◆ **WHAT YOU WILL DO**
Please output exactly the lines from the one containing "Benirrama palm" through the last line of the records, both included.
══════
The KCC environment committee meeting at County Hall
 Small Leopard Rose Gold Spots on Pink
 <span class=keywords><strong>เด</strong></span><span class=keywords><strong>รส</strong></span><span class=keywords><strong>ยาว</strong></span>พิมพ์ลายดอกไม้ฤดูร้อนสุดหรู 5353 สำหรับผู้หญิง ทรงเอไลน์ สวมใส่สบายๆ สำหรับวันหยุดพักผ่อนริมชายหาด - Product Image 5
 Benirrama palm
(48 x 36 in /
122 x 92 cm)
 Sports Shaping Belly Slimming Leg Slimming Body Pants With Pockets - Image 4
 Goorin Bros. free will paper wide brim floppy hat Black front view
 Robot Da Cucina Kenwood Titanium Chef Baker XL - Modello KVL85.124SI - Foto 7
══════
◆ **ANSWER SECTION**
 Benirrama palm
(48 x 36 in /
122 x 92 cm)
 Sports Shaping Belly Slimming Leg Slimming Body Pants With Pockets - Image 4
 Goorin Bros. free will paper wide brim floppy hat Black front view
 Robot Da Cucina Kenwood Titanium Chef Baker XL - Modello KVL85.124SI - Foto 7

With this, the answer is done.